PROBLEM TO WORK ON
Would you copy the records exactly, leaving the pictures out?

RAW DATA
--------------------

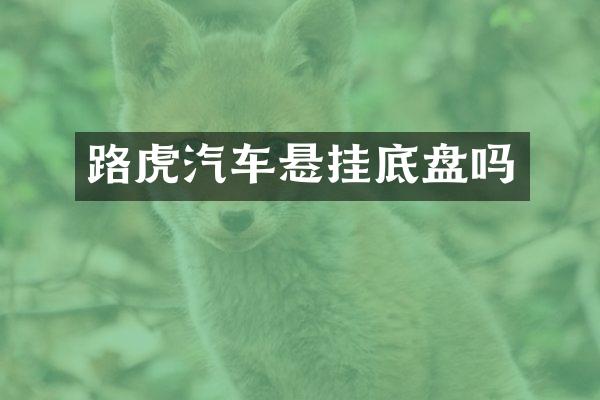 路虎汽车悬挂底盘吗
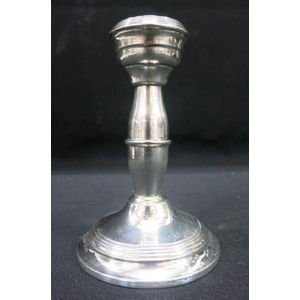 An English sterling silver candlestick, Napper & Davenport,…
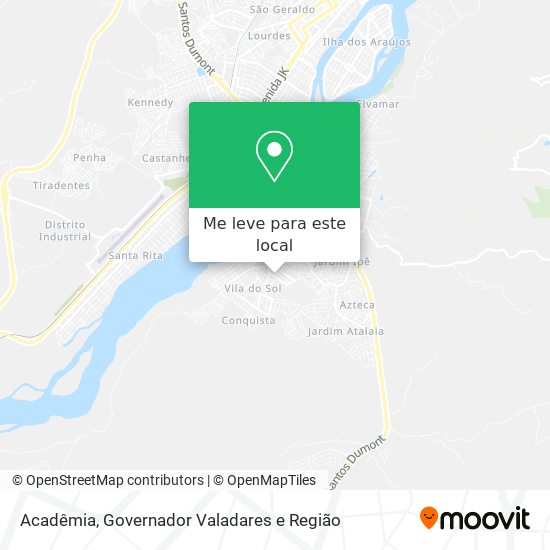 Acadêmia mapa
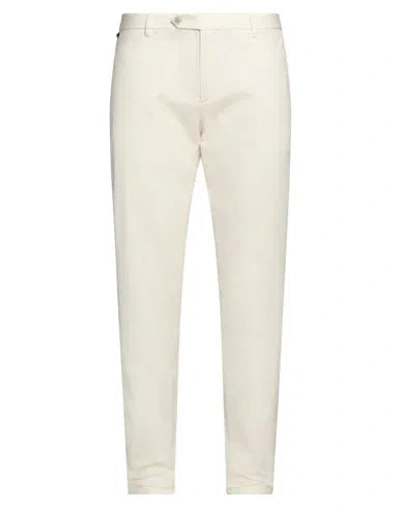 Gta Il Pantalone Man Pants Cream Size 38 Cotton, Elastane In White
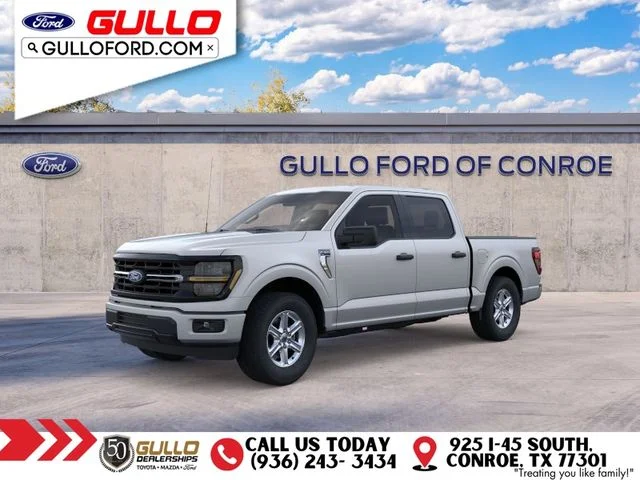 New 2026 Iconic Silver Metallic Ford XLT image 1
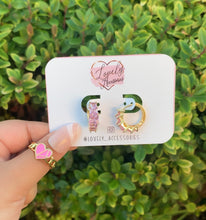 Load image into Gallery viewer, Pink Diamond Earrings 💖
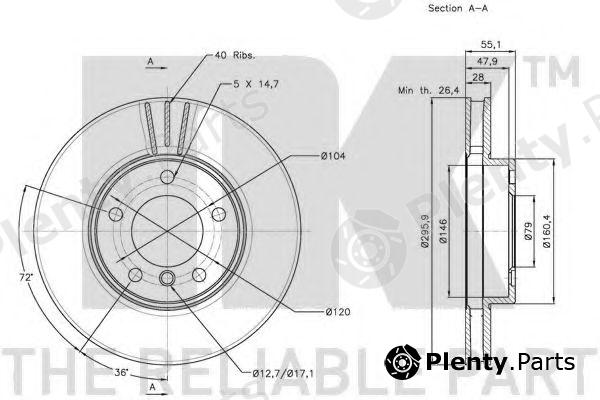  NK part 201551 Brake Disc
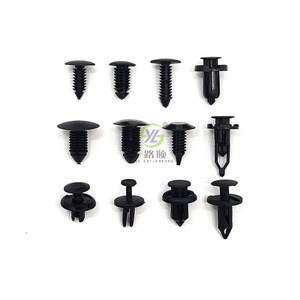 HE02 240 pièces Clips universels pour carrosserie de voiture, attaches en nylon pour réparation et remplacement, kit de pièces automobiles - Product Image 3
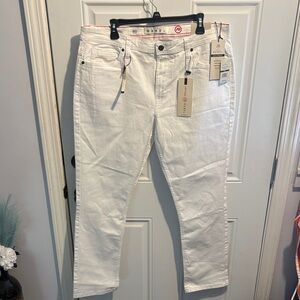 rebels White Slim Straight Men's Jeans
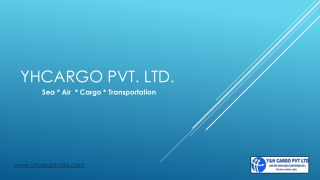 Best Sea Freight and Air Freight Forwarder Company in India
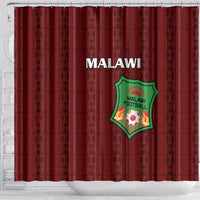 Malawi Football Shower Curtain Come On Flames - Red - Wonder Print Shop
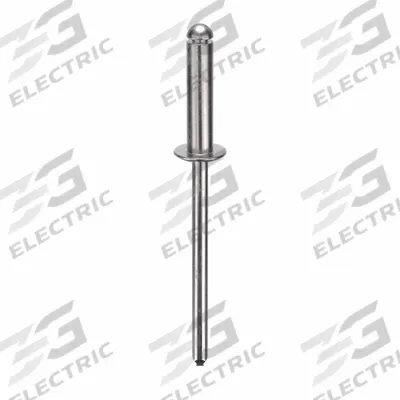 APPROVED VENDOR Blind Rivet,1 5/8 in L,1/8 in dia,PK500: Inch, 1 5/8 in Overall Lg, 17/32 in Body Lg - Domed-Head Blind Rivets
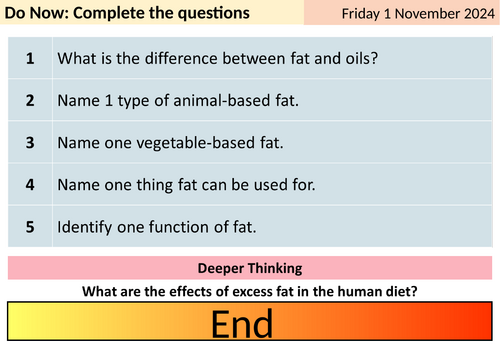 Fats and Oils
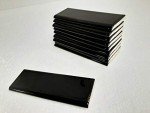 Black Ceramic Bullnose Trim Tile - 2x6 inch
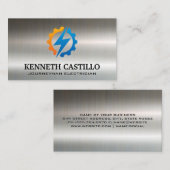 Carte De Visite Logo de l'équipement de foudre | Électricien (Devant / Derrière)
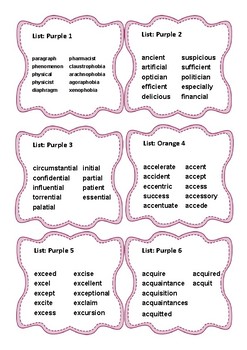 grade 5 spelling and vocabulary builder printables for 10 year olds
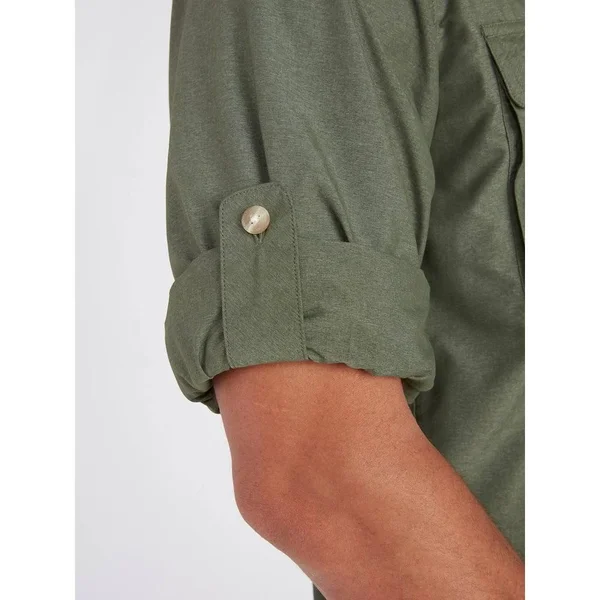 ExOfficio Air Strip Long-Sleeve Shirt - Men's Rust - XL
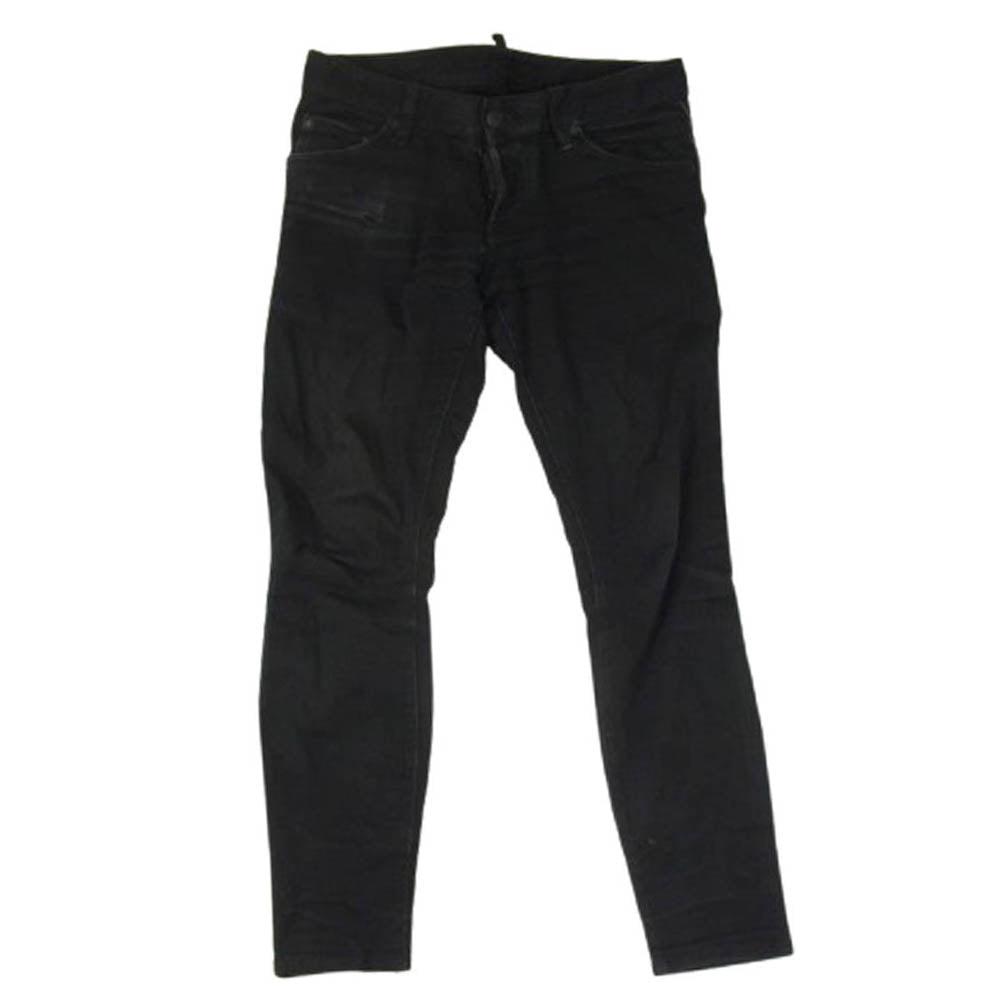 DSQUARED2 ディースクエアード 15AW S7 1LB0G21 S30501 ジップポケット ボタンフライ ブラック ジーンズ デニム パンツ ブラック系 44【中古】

--------------------

EXPECTED OUTPUT
 路虎汽车悬挂底盘吗
 An English sterling silver candlestick, Napper & Davenport,…
 Acadêmia mapa
 Gta Il Pantalone Man Pants Cream Size 38 Cotton, Elastane In White
 New 2026 Iconic Silver Metallic Ford XLT image 1
 Load image into Gallery viewer, Pink Diamond Earrings 💖
  NK part 201551 Brake Disc
 HE02 240 pièces Clips universels pour carrosserie de voiture, attaches en nylon pour réparation et remplacement, kit de pièces automobiles - Product Image 3
 rebels White Slim Straight Men's Jeans
 Best Sea Freight and Air Freight Forwarder Company in India
 Malawi Football Shower Curtain Come On Flames - Red - Wonder Print Shop
 APPROVED VENDOR Blind Rivet,1 5/8 in L,1/8 in dia,PK500: Inch, 1 5/8 in Overall Lg, 17/32 in Body Lg - Domed-Head Blind Rivets
 Fats and Oils
 Black Ceramic Bullnose Trim Tile - 2x6 inch
 Carte De Visite Logo de l'équipement de foudre | Électricien (Devant / Derrière)
 grade 5 spelling and vocabulary builder printables for 10 year olds
 ExOfficio Air Strip Long-Sleeve Shirt - Men's Rust - XL
 DSQUARED2 ディースクエアード 15AW S7 1LB0G21 S30501 ジップポケット ボタンフライ ブラック ジーンズ デニム パンツ ブラック系 44【中古】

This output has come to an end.